«Bill Gates non compra l’hotel San Domenico di Taormina? Peccato». Risponde con una battuta Nico Torrisi, presidente di Federalberghi Sicilia, alla falsa notizia circolata in questi giorni su diversi mezzi di informazione nazionali e locali. O meglio, una notizia che non lo è: a fine 2021 il magnate americano ha solo rilevato la maggioranza dell’azienda canadese Four Seasons che gestiva già la struttura dalla scorsa estate e che rimane di proprietà del gruppo Statuto. Gestione a cui potrebbe adesso aggiungersi un altro storico hotel di lusso italiano: il Danieli di Venezia, al momento gestito da un altro marchio straniero, il Mariott. Nulla di davvero nuovo sotto il sole, insomma, ma che ha scatenato una levata di scudi della politica nazionale – e di gran parte del pubblico – contro una presunta colonizzazione straniera. Ed è qui, nella difficoltà italiana di immaginare proprietari di hotel che però non li gestiscono, che il mai esistito acquisto di Bill Gates diventa uno spunto interessante per ragionare sul turismo, spostando il focus dalla domanda – scarsissima in tempo di Covid – all’offerta.
Un settore in cui «la presenza di gruppi stranieri, in Italia, è bassissima – spiega a MeridioNews Ornella Laneri, presidente di Confindustria turismo Catania – Intorno al 6-7 per cento». Il resto sono per lo più piccole e medie strutture a gestione familiare, come sull’Isola. Una composizione che rispecchia il tipo di turismo accolto finora in Sicilia: non di lusso, con rarissime eccezioni dovute proprio all’interesse e al punto di vista di investitori stranieri che parlano ad altri danarosi stranieri in vacanza. Come il San Domenico e Taormina tutta. E come invece non succede nella vicina Catania, dove pure questi visitatori atterrano. «Va bene volersi tenere i gioielli di famiglia, ma come? – commenta Laneri – Sarebbe stato meglio se il San Domenico o il Danieli fossero diventati un alberghetto, purché italiano?
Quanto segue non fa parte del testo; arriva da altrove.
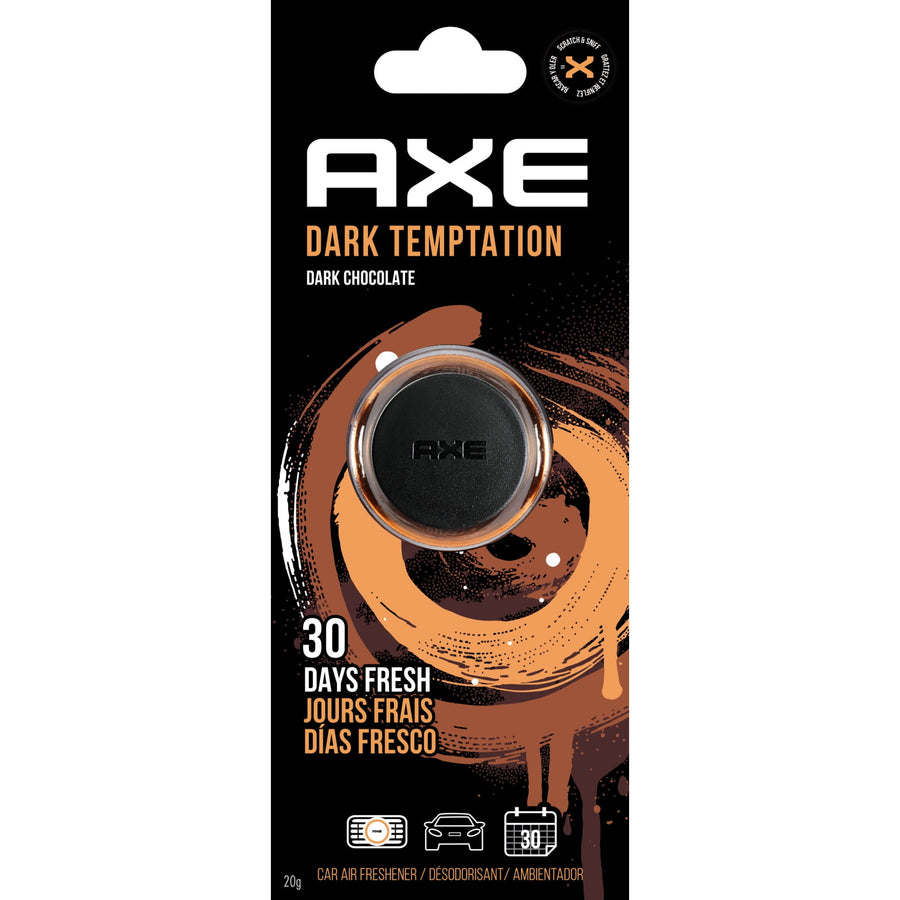 AXE Dark Temptation mini vent-clip packaging front showing round black air freshener and 30 days fresh claim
Quando qualcosa non funziona, va cambiato, pur rispettandone le caratteristiche». Che, nel caso specifico, sono strutture ricche di storia – come le celle dell’ex convento San Domenico o la scala dell’hotel Danieli – con una clientela di lusso, per lo più straniera. «Una clientela che cerca un certo tipo di qualità che deve essere la benvenuta – continua la presidente – perché serve anche ad alzare la qualità generale della domanda». E per rendere chic un territorio piuttosto che un altro. «L’arrivo di marchi stranieri non significa che stiamo perdendo l’attenzione per le nostre bellezze – conclude Laneri – ma anzi questo darà loro più risalto e le renderà più appetibili a livello internazionale».
Un modo, se esteso ad altri territori, per «creare una domanda internazionale anche a chi non ce l’ha». È così che si spiega la battuta di Nico Torrisi, presidente di Federalberghi Sicilia. Che ricorda come sia stato proprio l’arrivo di un altro grande gruppo straniero a Taormina – il Belmond che gestisce l’altra perla della zona, l’hotel Timeo – a fare diventare la cittadina una meta del grande turismo straniero di lusso. Americani, russi, giapponesi: clientele con gusti ed esigenze particolari, per i quali anche il tipo di tv a pagamento e l’intrattenimento proposti possono fare la differenza tra una struttura e un’altra. «Per questo oggi, rispetto al passato, esistono tanti brand: per tagliare il mercato in altrettanti segmenti – continua il presidente – Ma in Sicilia la maggior parte di questi marchi non c’è e, quando è presente, lo è per lo più in franchising». Per un’offerta dall’economico al lusso, con varie sfumature in mezzo e quella che sembra ormai essere una categoria a sé: gli hotel per stranieri. «Il problema non sono gli investitori esteri ma, semmai, gli speculatori. Come se ne stanno vedendo molti, troppi, durante questa crisi del turismo dovuta al Covid – conclude Torrisi – Decine di alberghi svenduti a poco prezzo o messi all’asta a seguito di fallimento, anche con proposte di soggetti equivoci con fondi non meglio precisati. Decisamente meglio Bill Gates, insomma».